Assigned task >> Wherever the string "pour" appears in the records, return the line that holds it.

[Dataset entries]
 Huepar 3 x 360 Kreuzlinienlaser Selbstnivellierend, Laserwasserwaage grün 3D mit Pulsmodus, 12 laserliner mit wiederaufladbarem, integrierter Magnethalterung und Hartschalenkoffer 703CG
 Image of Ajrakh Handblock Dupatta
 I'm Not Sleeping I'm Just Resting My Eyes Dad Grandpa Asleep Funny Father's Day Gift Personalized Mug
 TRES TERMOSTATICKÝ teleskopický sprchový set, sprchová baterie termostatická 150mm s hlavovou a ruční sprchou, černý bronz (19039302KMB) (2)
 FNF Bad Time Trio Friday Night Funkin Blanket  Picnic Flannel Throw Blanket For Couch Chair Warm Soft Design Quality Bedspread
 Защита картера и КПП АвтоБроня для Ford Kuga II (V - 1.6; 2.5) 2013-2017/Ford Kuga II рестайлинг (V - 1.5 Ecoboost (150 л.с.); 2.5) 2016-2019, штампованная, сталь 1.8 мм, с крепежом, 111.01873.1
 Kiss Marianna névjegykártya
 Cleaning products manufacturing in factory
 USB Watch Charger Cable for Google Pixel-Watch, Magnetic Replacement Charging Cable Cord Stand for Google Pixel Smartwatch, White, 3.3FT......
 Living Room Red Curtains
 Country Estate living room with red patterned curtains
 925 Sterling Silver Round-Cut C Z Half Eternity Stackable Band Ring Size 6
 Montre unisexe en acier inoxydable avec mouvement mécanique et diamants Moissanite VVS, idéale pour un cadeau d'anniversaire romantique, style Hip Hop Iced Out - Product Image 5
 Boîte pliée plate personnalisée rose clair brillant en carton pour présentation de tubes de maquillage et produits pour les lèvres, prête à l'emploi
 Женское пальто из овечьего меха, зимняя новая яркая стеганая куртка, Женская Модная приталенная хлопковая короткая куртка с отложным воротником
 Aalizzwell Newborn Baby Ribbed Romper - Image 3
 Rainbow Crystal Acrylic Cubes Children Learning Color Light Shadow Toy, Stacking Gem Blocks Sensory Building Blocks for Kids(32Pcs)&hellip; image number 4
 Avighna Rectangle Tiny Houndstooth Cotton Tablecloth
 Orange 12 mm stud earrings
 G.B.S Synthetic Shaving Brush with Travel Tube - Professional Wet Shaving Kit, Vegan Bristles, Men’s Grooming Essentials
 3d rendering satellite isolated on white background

Task answer >>
 Montre unisexe en acier inoxydable avec mouvement mécanique et diamants Moissanite VVS, idéale pour un cadeau d'anniversaire romantique, style Hip Hop Iced Out - Product Image 5
 Boîte pliée plate personnalisée rose clair brillant en carton pour présentation de tubes de maquillage et produits pour les lèvres, prête à l'emploi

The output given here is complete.